In the listing below, locate the line containing "141.42127 by CENTRIC" and the line containing "Maternity Belly Support". Output both of them and every line between, exactly as written, and nothing more.

Data supplied section start

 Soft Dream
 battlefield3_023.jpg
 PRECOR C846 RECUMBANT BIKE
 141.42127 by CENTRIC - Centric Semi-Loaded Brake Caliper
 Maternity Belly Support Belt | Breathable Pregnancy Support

Data supplied section end
Data supplied section start

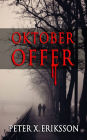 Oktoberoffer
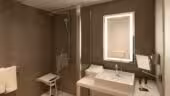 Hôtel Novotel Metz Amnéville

Data supplied section end

* _Exercise output_
 141.42127 by CENTRIC - Centric Semi-Loaded Brake Caliper
 Maternity Belly Support Belt | Breathable Pregnancy Support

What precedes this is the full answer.